ClickHouse: Refreshing Take on Materialized Views

Working on my Open Source MMP I have been seeing how much of it will work with ClickHouse. Unfortunately combining multiple streaming data sources in ClickHouse was proving difficult as data would semi randomly not join correctly.

This led to a potential fix by using the very recent ClickHouse refreshable materialized views. These refreshable views work much closer to how materialized views work in other databases like PostgreSQL but come with additional benefits like setting the refreshes inside the materialized view logic itself.

Official Documentation:
https://clickhouse.com/docs/en/sql-reference/statements/create/view#refreshable-materialized-view

At the time of writing, refreshable views are new enough that they require setting this to enable support. Since this is needed per session in which a table is created, you will need to use this setting. This shouldn’t be necessary after Q2 2024.

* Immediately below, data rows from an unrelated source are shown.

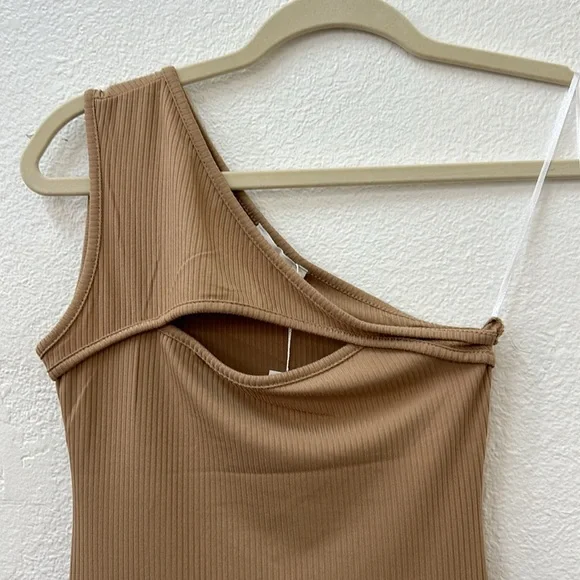 Off the shoulder dress - Picture 7 of 7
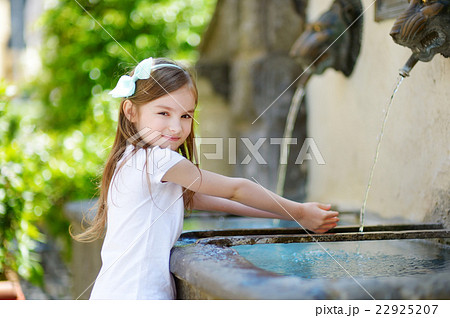 Little girl playing with a drinking water fountain 22925207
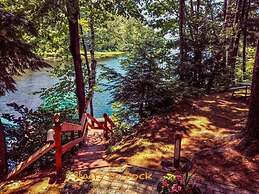 Sunset Chalet-amazing Views Private hot tub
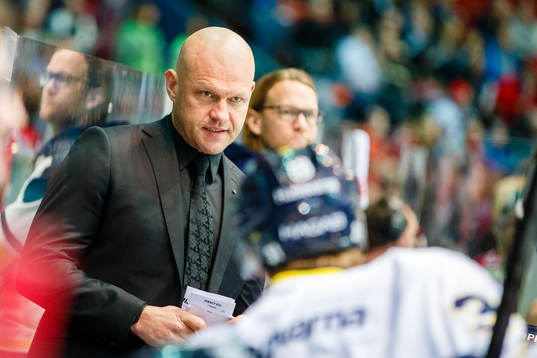 s tränare Andreas Johansson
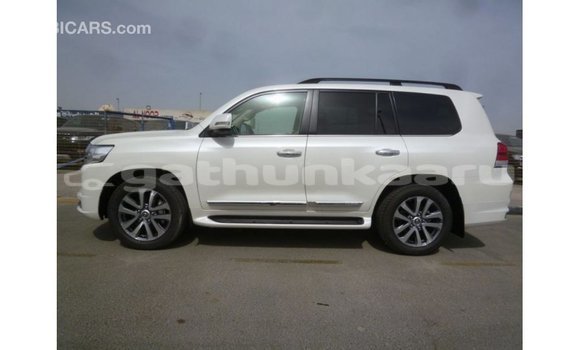 Buy Import Toyota Land Cruiser White Car in Import - Dubai in Baa Buy Import Toyota Land Cruiser White Car in Import - Dubai in Baa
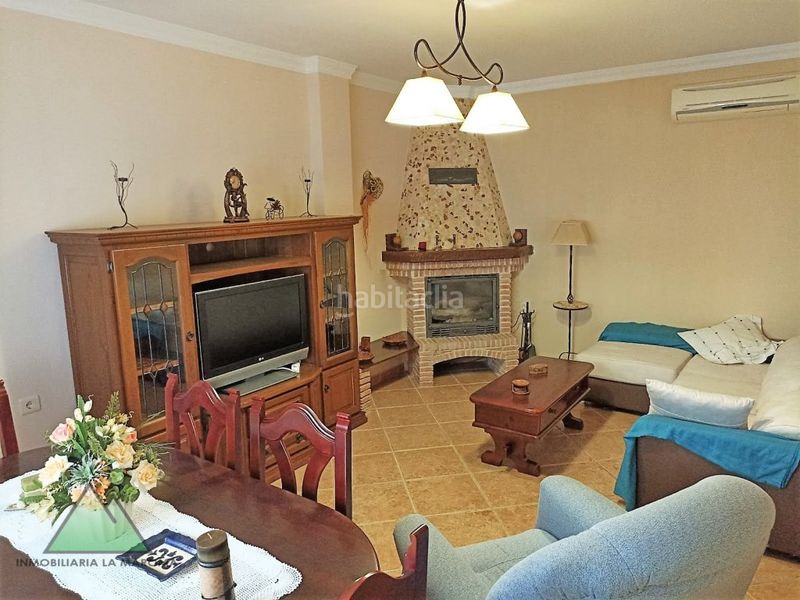 Foto a3a049da-6e69-47bc-9e4d-afe4b6e60c88. Casa amb aparcament a Periana
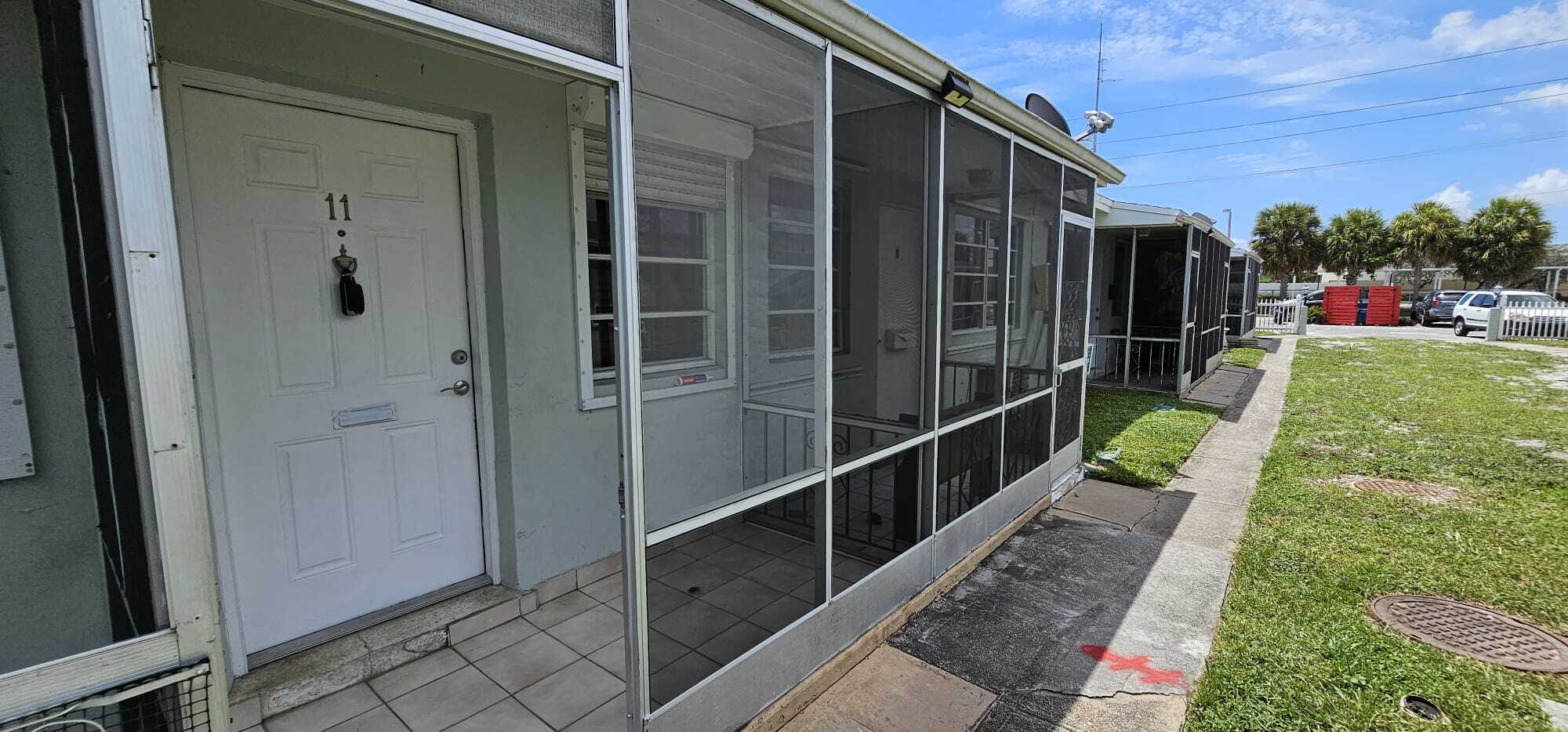 Building Photo - 2211 Lincoln St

SET allow_experimental_refreshable_materialized_view = 1;

Then to make the view refreshable you just add REFRESH EVERY {INT} {TIME} like this:

CREATE MATERIALIZED VIEW attribute_impressions_mv
REFRESH EVERY 5 SECOND
TO attributed_impressions -- Specify the destination table
AS
WITH
merged_impression_event AS (
    -- Ranked rows by impression time
    SELECT 
            app.event_time AS app_event_time,
            app.store_id AS store_id,
            app.event_id,
            ...

What I then discovered though was that once a refreshable view is used, it will replace the entire contents of the destination table. This means that they likely will need further management in the future as the data grows. Additionally, they cannot be combined with the columnar data inserts I was using previously with AggregatingMergeTree.

So, once you add a refreshable view, all higher level aggregations will likely all have to be refreshable as well.

In the end, I was able to use refreshable views to solve my problem, but I am not certain they wont cause delays later due to the way they seem to refresh across all data. Perhaps I’ll have to find a way to narrow the range they aggregate.